# Coffee Filter?



## English (Mar 18, 2007)

Not real sure where this question belongs, but I figured that since I'm getting ready to bottle my first batch, that this was as good a place as any.
I've been reading a lot on this site about filtering prior to bottling. Problem is that I don't have any filtration equipment. The kit I'm making is from Cal Con and is a Pinot Char. I checked it this morning and it looks very clear, has nice color and tastes a little odd. The taste, I'm sure will get better after aging a while. All the finings have been added and I should be ready to bottle on Tuesday. Does anyone think that straining it through a coffee filter when I transfer into the carboy before bottling would be a bad idea? I know this isn't anything like filtration, but I guess I'm figuring it'll help get any of the "big stuff" out of the wine.
So, anybody have any thoughts about using a coffee filter as a strainer?

Thanx, Matt


----------



## Luc (Mar 19, 2007)

A 'normal filtering system' is a closed system.
Using a coffee filter is using an open system.
Meaning that if you use a coffee filter you will expose the wine
to oxygen. So make sure so use some extra sulphite or ascobic acid
to keep the oxygen under control.

Further I think kit wines are not made to be filtered because the
manufacturer can not be sure you need a filtering system but that
depends on the manufacturer and the kind of kit I suppose
be carefull to read the packaging considering this. You might do more
harm as good.
I think someone with more experience on kits can shed more light on this.

Luc


----------



## cpfan (Mar 19, 2007)

Matt:

My experience with filtering a gallon of liqueur with a coffee filter & filter cone was not very good. Painfully slow and much of the liqueur seemed to bypass the filter.
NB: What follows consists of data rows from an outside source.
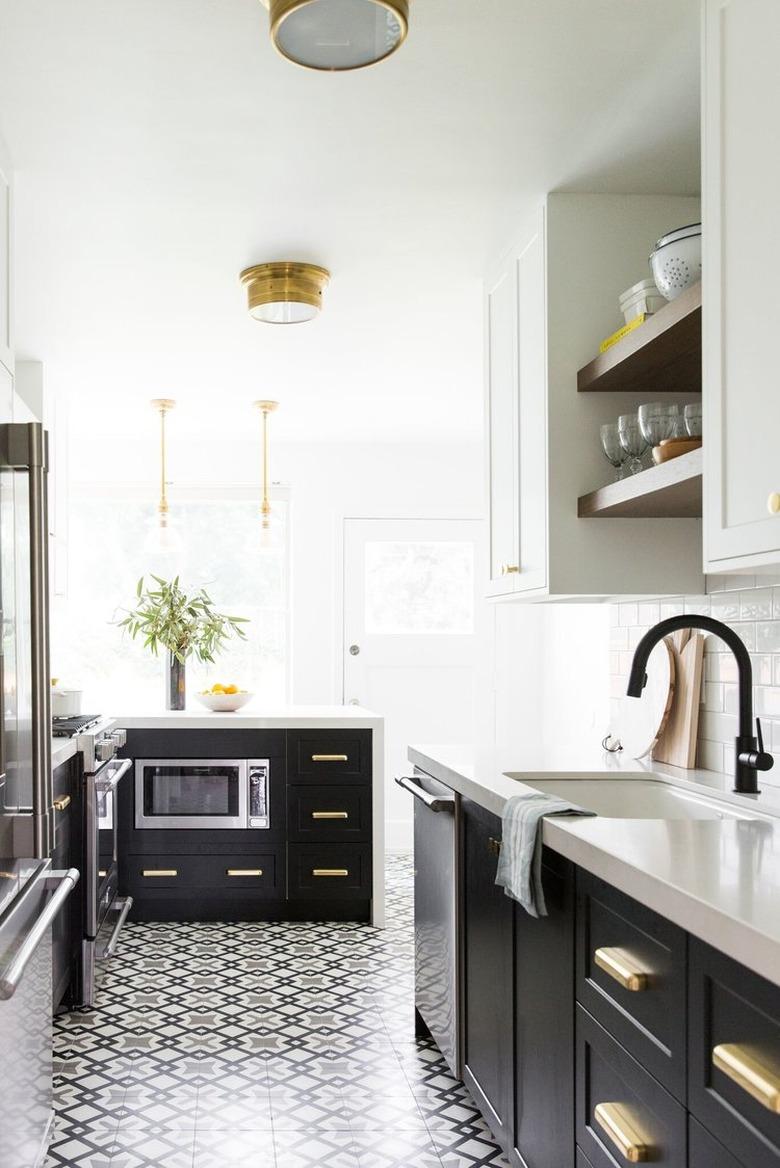 Black and white graphic art deco tile floor in black and white kitchen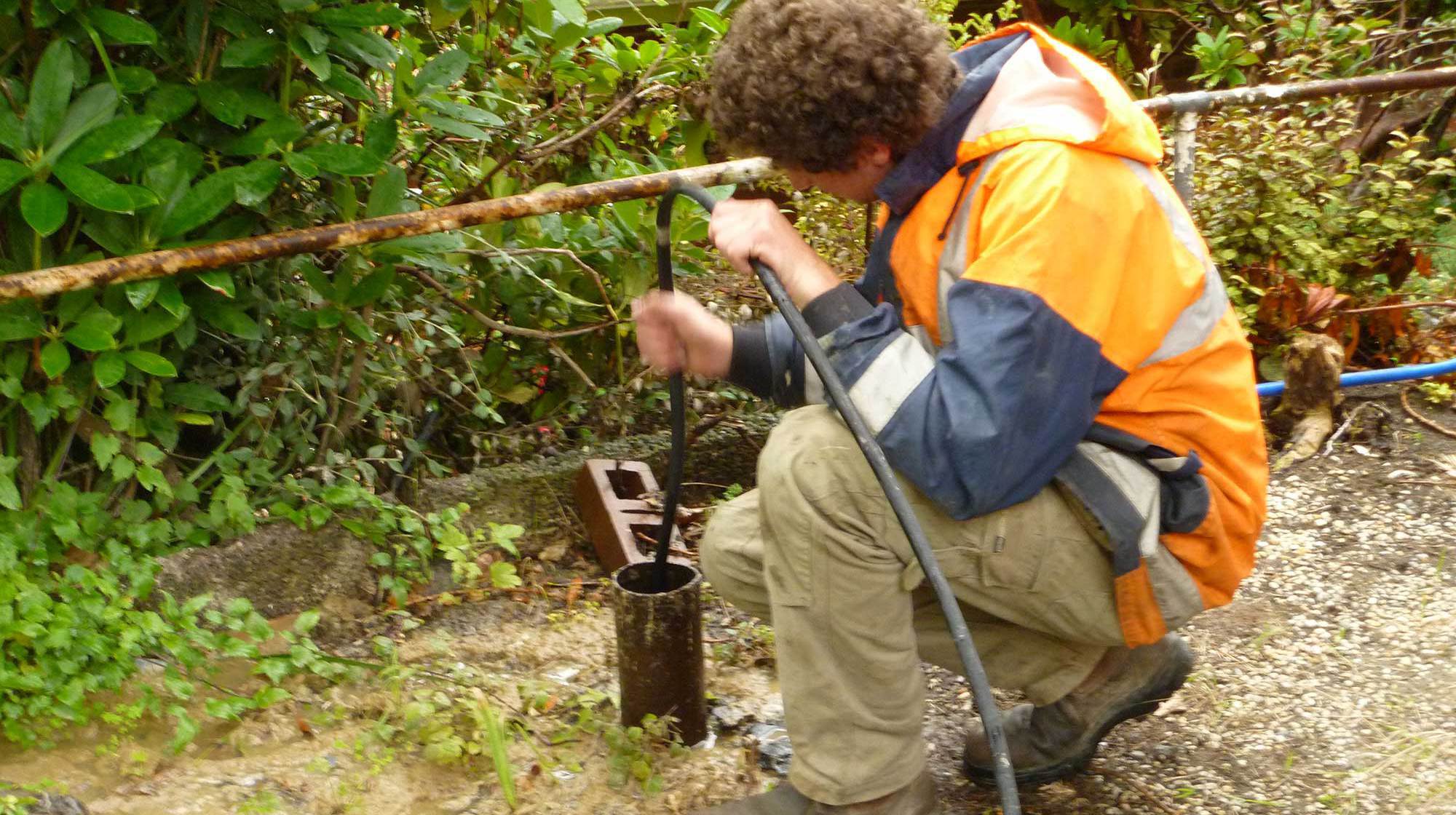 Drain cleaning in progress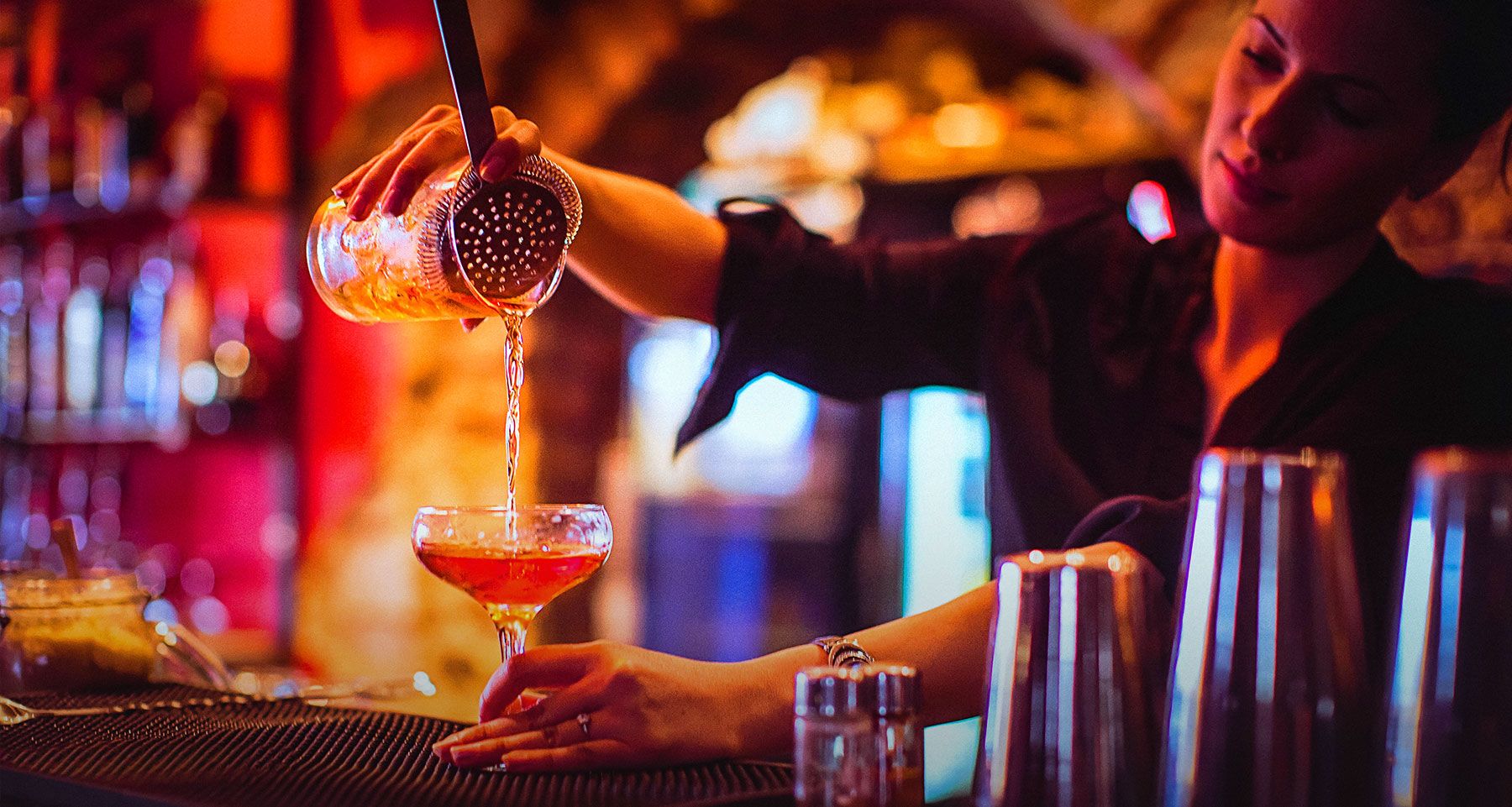a bartending pouring a cocktail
Personally I would filter that kit (but I've got a Mini Jet). Without the MJ, not sure what I'd do.

Steve


----------



## English (Mar 19, 2007)

Steve,

Must be nice to have all the goodies! As I'm just getting started I have yet to obtain all the bells and whistles. I was thinking about using a collander with the filter spread out in the bottom of it and letting the siphon hose drain through the filter into the container this way. See I've got two 9 gal fermnters with large open tops. Got them from E.C. Kraus.. (I'm sure you've seen them)
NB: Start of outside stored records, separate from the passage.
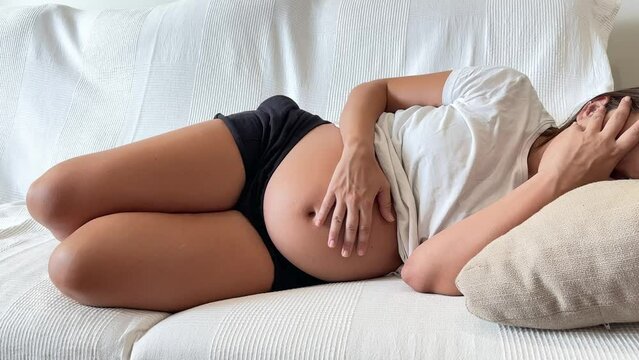 Pregnant woman lying on the sofa stroking her tummy. Concept of pregnancy and bad being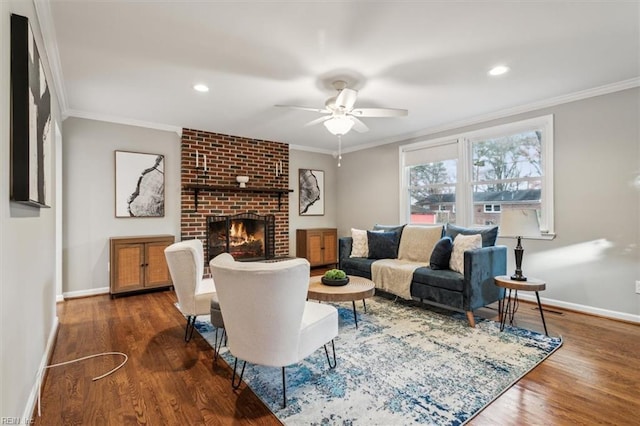 living room featuring dark hardwood / wood-style floors, ceiling fan, ornamental molding, and a brick fireplace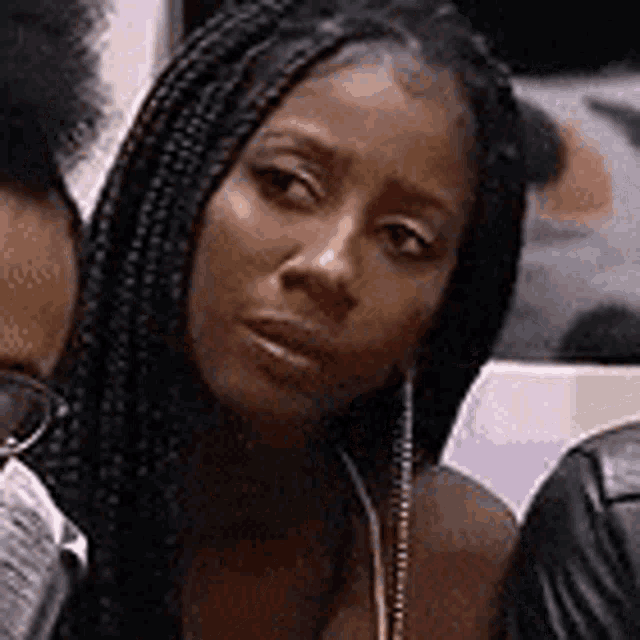a woman with braids is looking at the camera while sitting next to a man .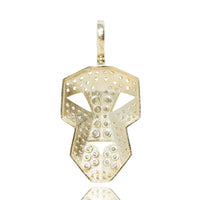 The Edge Mask Pendant in 10k solid gold features a bold geometric mask design with cut-out sections and circular indentations, making it a striking men's pendant with modern appeal.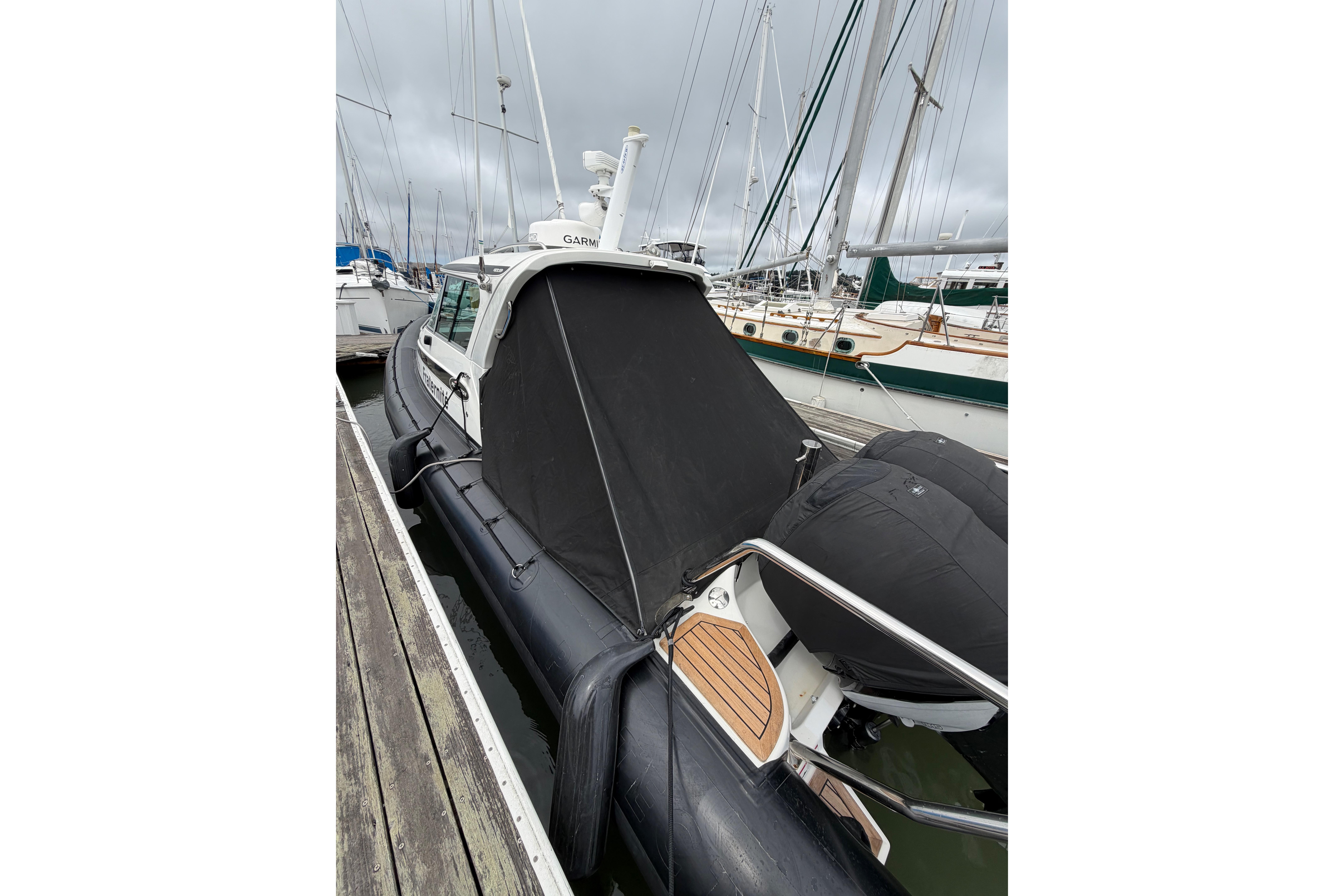 2016 Protector Targa 30 boat docked, featuring a covered cabin and sleek design.
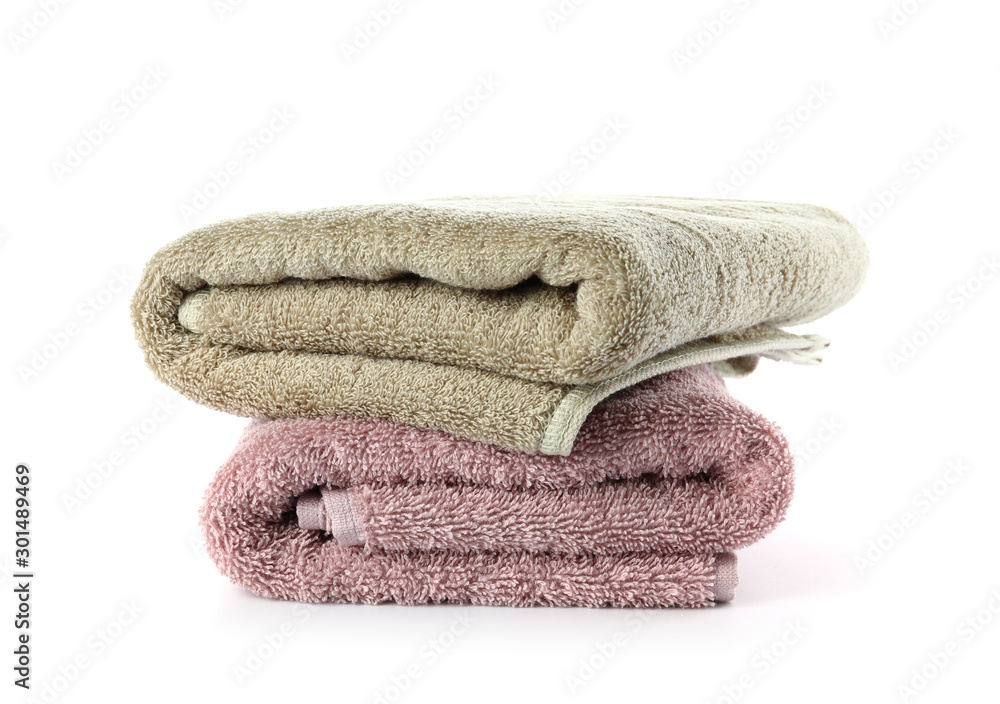 Stack of clean towels on white background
I do however, see Luc's point about the oxygen issue. I may reconsider my plan.


----------



## phantom (Mar 20, 2007)

Between the friend who got me started, and the stuff I've done solo, I've got a couple dozen kit wines under my belt. So far, I haven't filtered any of my wines. Unless you're in a rush to free up the equipment(or drink the wine), I've found that letting everything sit in the carboy after adding the fining agents in the last step pretty much eliminates the stuff that might settle out in a bottle. Despite some of my better intentions, I've never followed the exact directions as far as the timeline in the instructions. 
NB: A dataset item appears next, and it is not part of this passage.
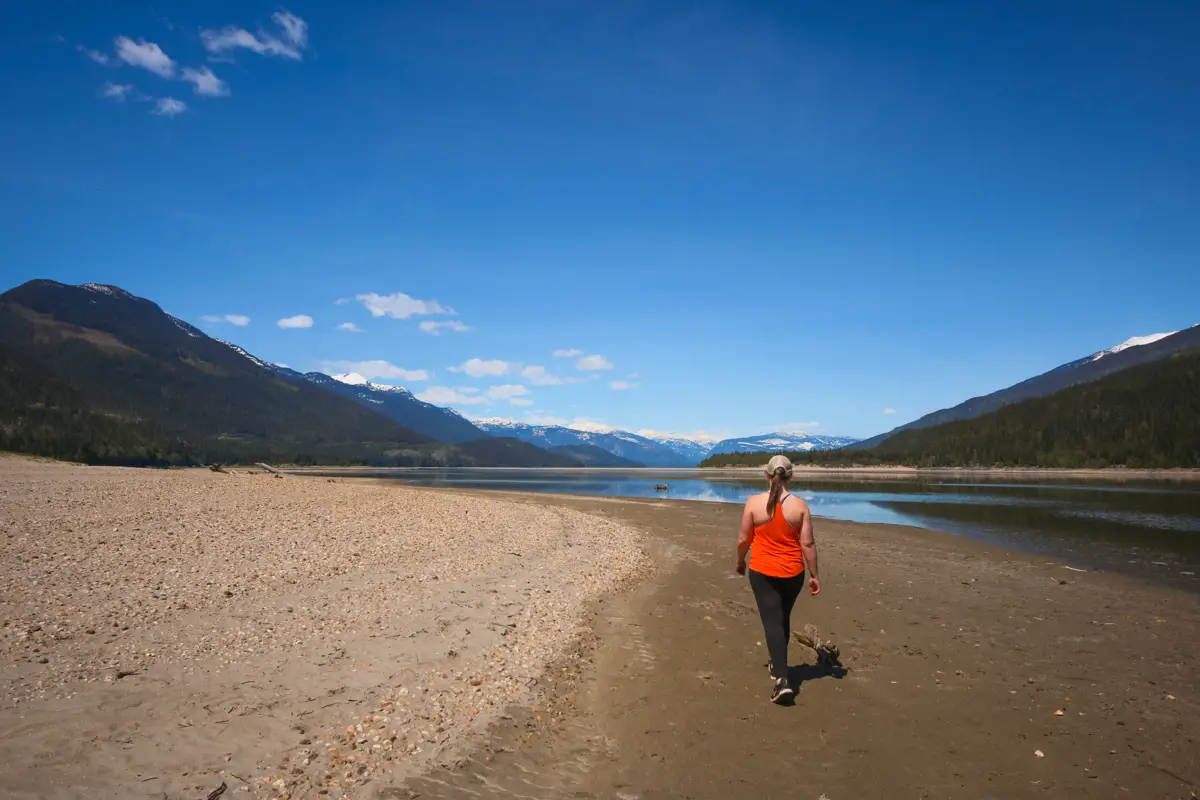 Woman in red walks down a sandy beach on Arrow Lake. Sunny day and blue skies.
Also, if you're willing to lose a little yield, if you don't stick your racking cane deep into the lees at the bottom of the carboy, you'll have fewer problems with sucking stuff into your bottles. The most I've ever gotten out of a 6-gallon(US) kit is 27 bottles(instead of the "30" you're supposed to get).


----------



## Caplan (Mar 20, 2007)

I've used 'coffee paper' type filters in the past too and they never worked for me. Unless you want to go down the 'Mini jet' route as Cpfan suggested I'd just let the sediment drop (as per the kit instructions/recipe recommends) and be careful when racking to avoid stirring it up and transfering it into your fresh carboy.


----------